The city expects to spend an extra $12 million this year on fire department coverage due to the dry conditions, Garcetti said.

Transmission Lines

At the same time, utilities including PG&E Corp. and Sempra Energy’s San Diego Gas & Electric are implementing plans normally reserved for high-fire season, such as stepping up patrols of electrical lines and bringing fire crews along for routine repairs.

“Wildfires are always a risk in California,” said Alvin Thoma, director of power generation at San Francisco-based PG&E. “With the dry conditions we’ve had, the soil moisture content right now is much lower than usual, so that makes wildfires much more of a concern.”

The California ISO, the state grid operator, said it will keep an “eagle eye” on high-voltage transmission lines, which will be needed to import more power this summer to make up for dwindling hydro-electric supplies and the retirement of a 2,200- megawatt nuclear plant in Southern California. The state typically imports one-quarter of its power needs, according to the ISO.

“The wild card is always fires,” said Stephanie McCorkle, a spokeswoman for California ISO. “They can affect the transmission and that literally cuts imports that we can’t afford to lose.”

Extra Vigilant

If lines go down, the grid operator can reroute electricity and ramp up local generation production, McCorkle said.

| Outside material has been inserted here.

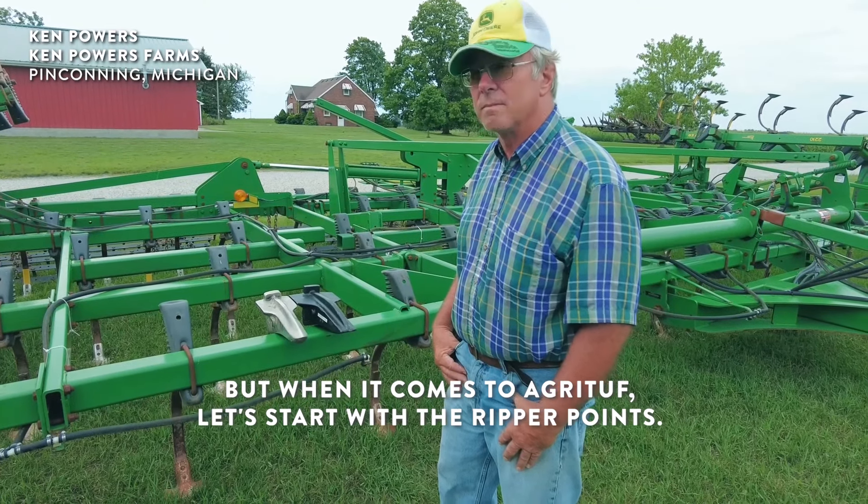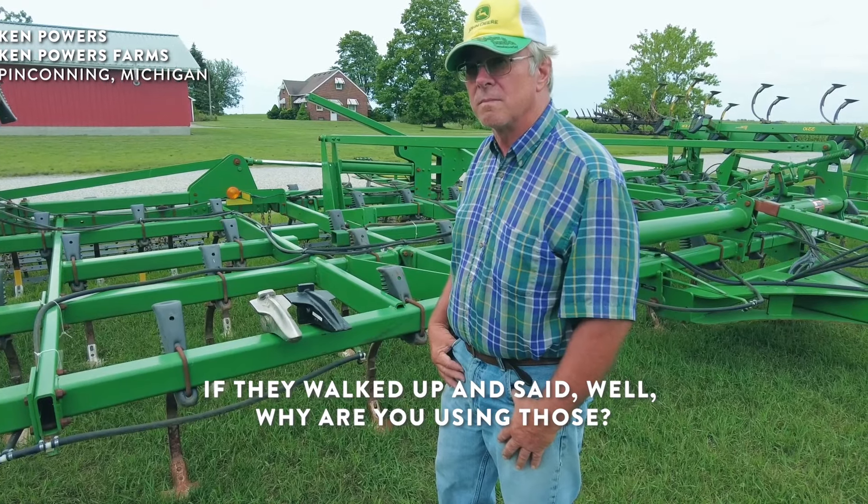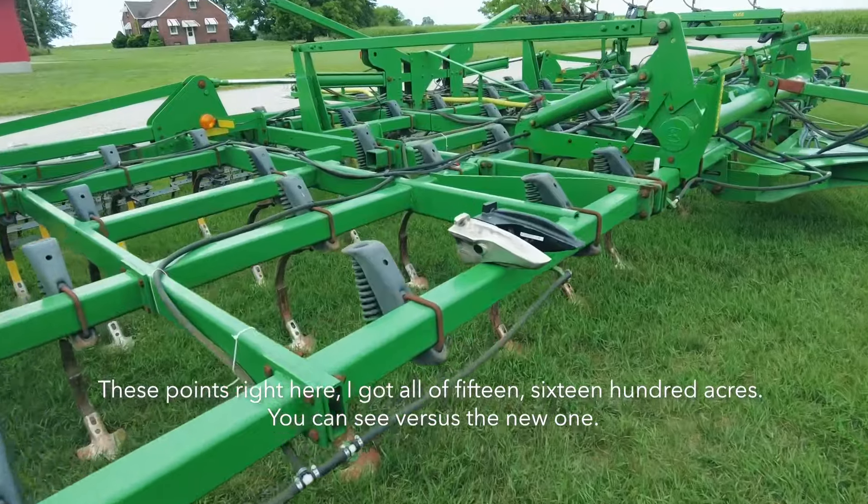But when it comes to Agri-Tuff, let's start with the ripper points. If they walked up and said, why are you using those? These plants right here — I got all of 1,500, 1,600 acres.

Edison International’s Southern California Edison utility, owner of the San Onofre nuclear plant that was retired last year, will need to be extra vigilant if the dry conditions continue, said Chairman and Chief Executive Officer Ted Craver.

“You can’t say there wouldn’t be some combination of events, a heat storm and a fire that takes out a transmission line,” Craver said in a telephone interview.

Upgrades to power networks and new gas generation that has come online in the past two years will help “the grid to be able to withstand the shocks,” Craver said.

Although rainstorms in the past week have provided some respite, the odds are that the drought will persist along with the risk of more wildfires, according to Cal Fire.

“Everybody is probably sitting back on pins and needles,” said Thomas Jeffery, a senior hazard scientist at CoreLogic. “The potential for a really disastrous wildfire season is very high.”